*PROBLEM DETAILS*.
Your output should be exactly the lines from the one containing "SYLC Designs Womens" through the final line of the following data, please, with no pictures.

*RAW DATA*.
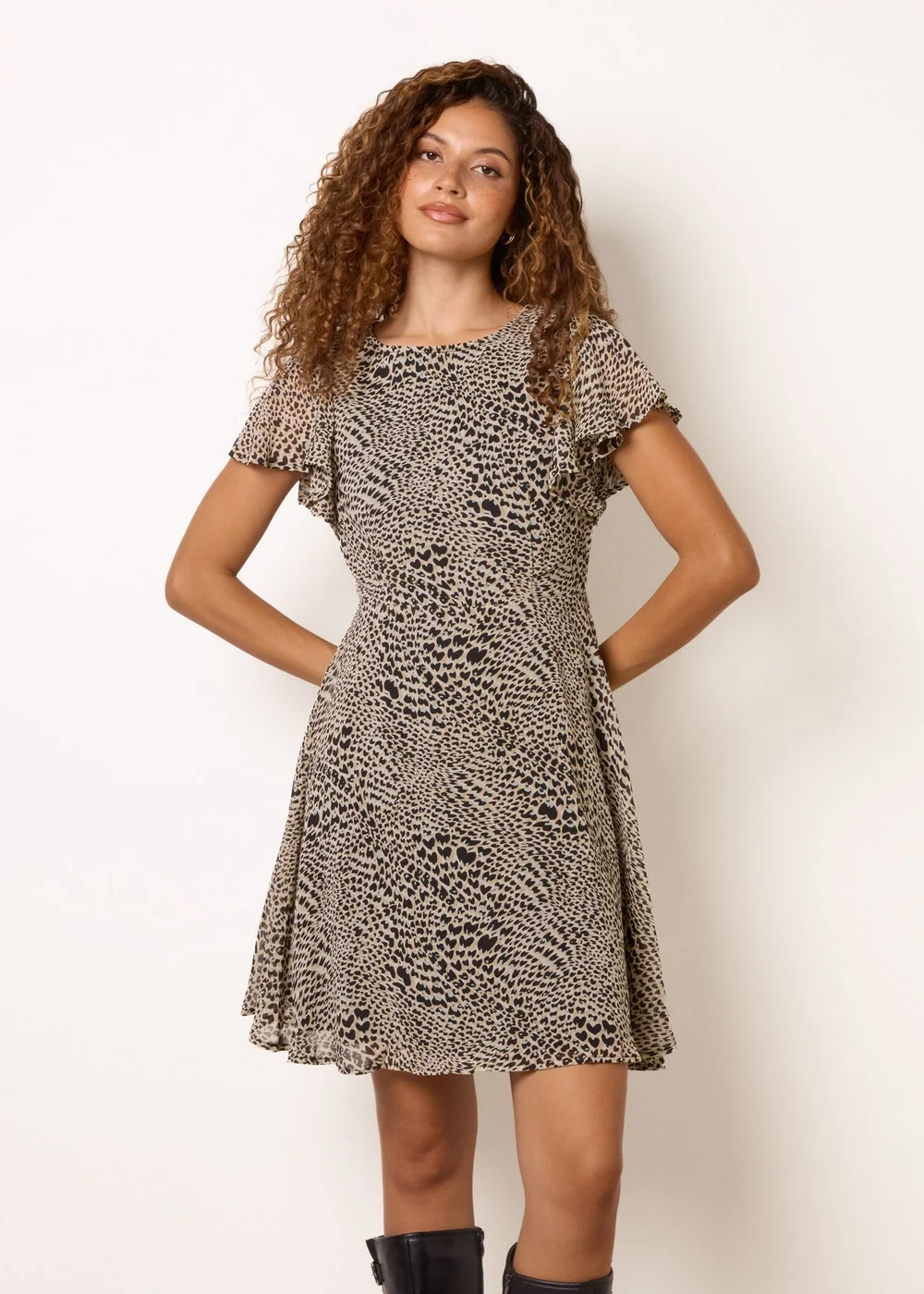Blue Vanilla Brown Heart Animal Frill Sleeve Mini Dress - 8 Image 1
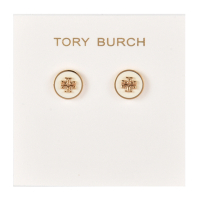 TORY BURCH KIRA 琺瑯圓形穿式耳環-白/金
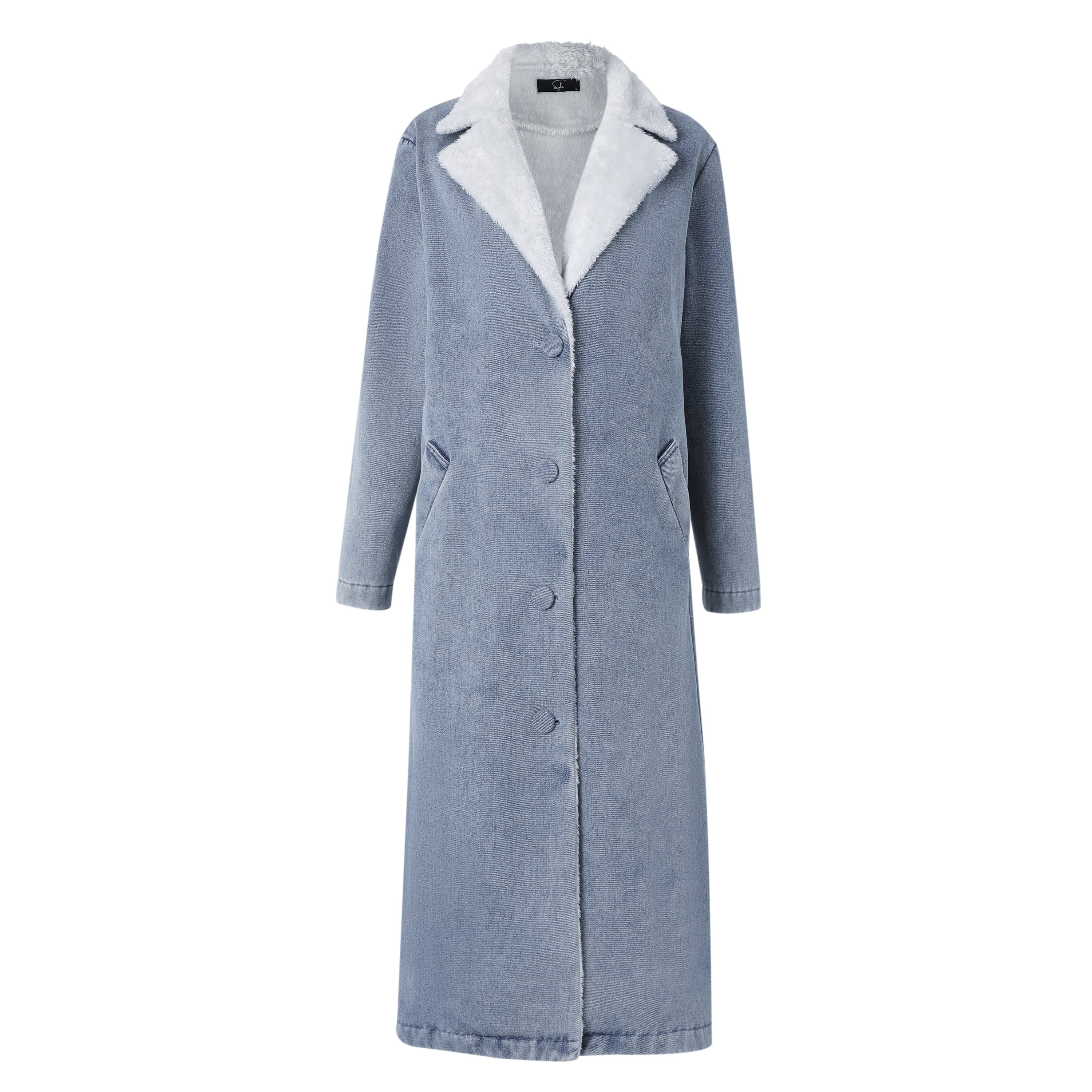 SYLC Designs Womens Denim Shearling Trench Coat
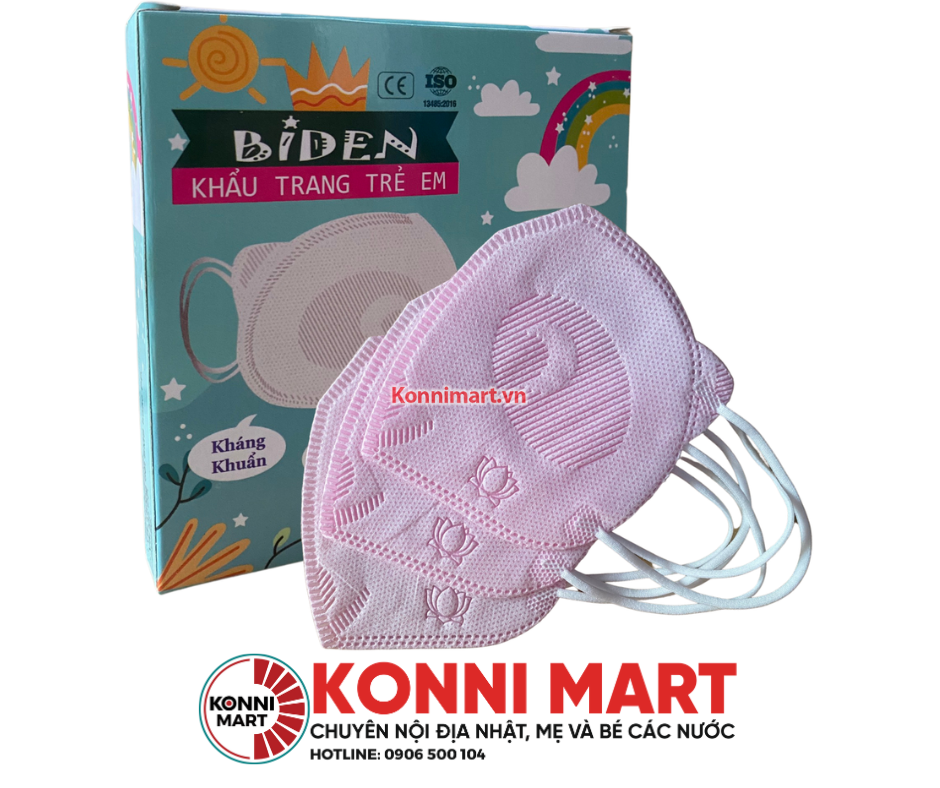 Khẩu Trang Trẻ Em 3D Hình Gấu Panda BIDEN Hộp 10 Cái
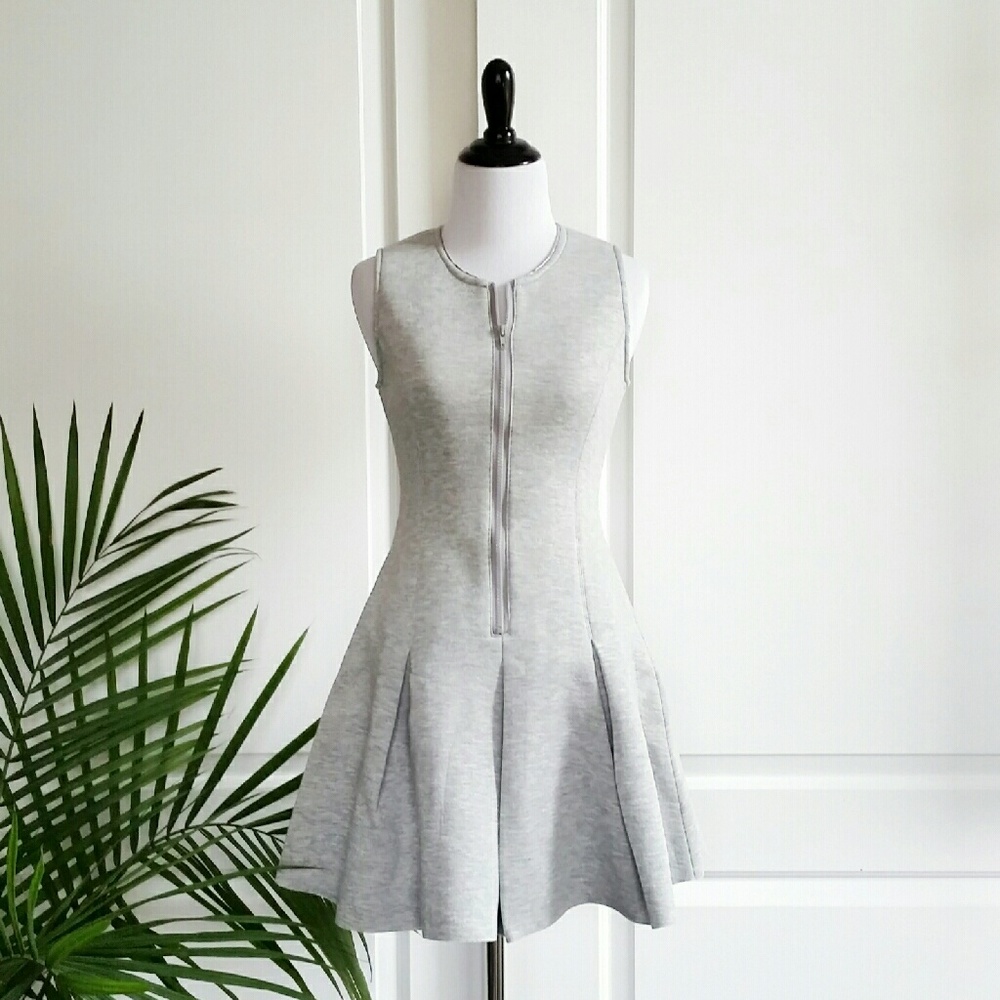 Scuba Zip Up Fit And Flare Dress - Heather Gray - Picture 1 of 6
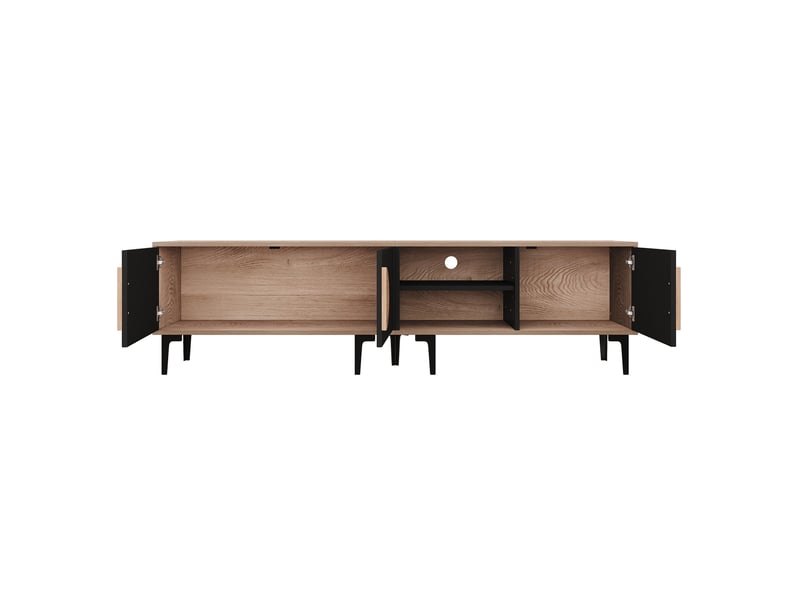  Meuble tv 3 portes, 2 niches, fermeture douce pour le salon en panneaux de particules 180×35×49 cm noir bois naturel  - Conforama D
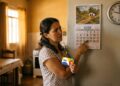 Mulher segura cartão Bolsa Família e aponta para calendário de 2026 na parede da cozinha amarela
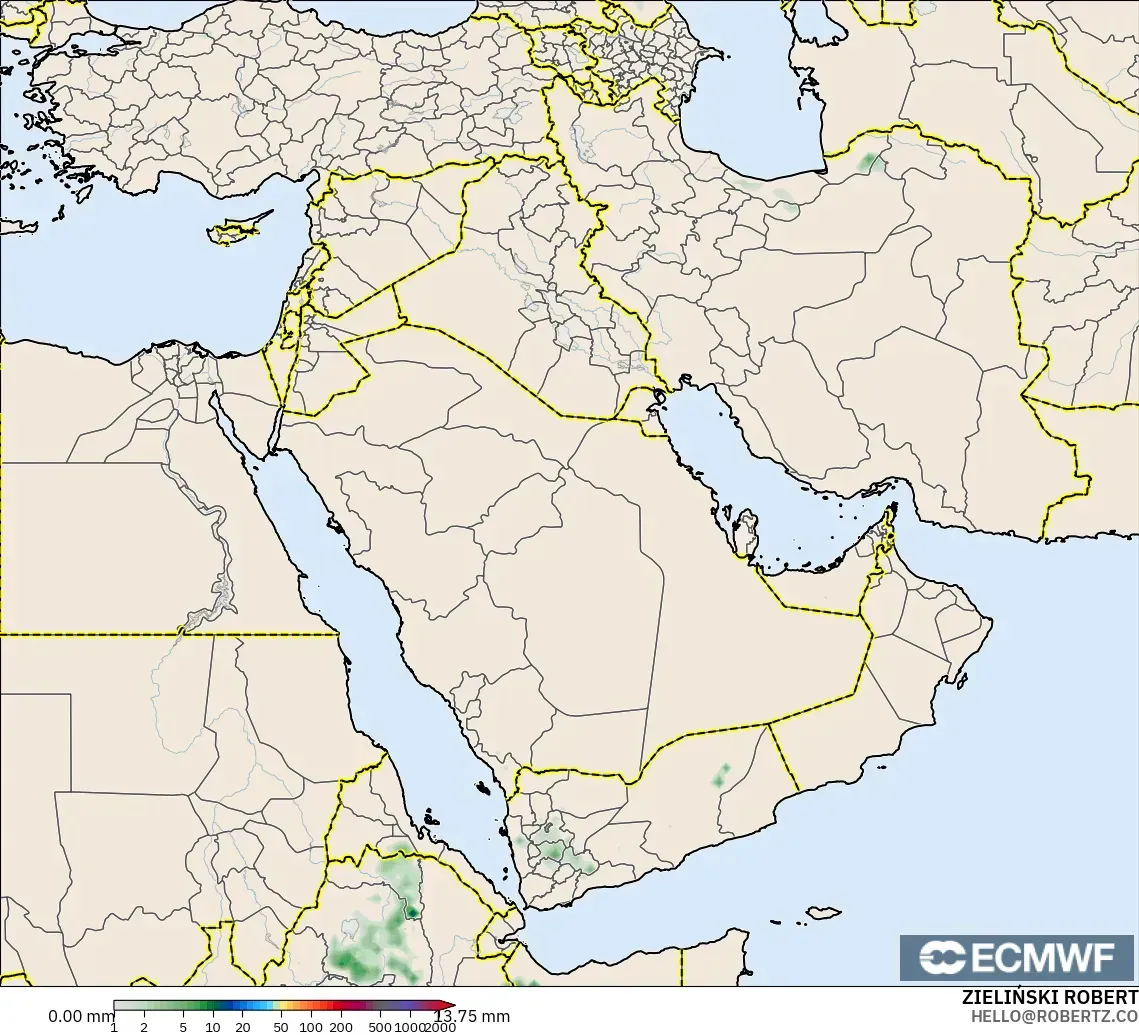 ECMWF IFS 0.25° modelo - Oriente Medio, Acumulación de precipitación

*EXERCISE RESULT*.
 SYLC Designs Womens Denim Shearling Trench Coat
 Khẩu Trang Trẻ Em 3D Hình Gấu Panda BIDEN Hộp 10 Cái
 Scuba Zip Up Fit And Flare Dress - Heather Gray - Picture 1 of 6
  Meuble tv 3 portes, 2 niches, fermeture douce pour le salon en panneaux de particules 180×35×49 cm noir bois naturel  - Conforama D
 Mulher segura cartão Bolsa Família e aponta para calendário de 2026 na parede da cozinha amarela
 ECMWF IFS 0.25° modelo - Oriente Medio, Acumulación de precipitación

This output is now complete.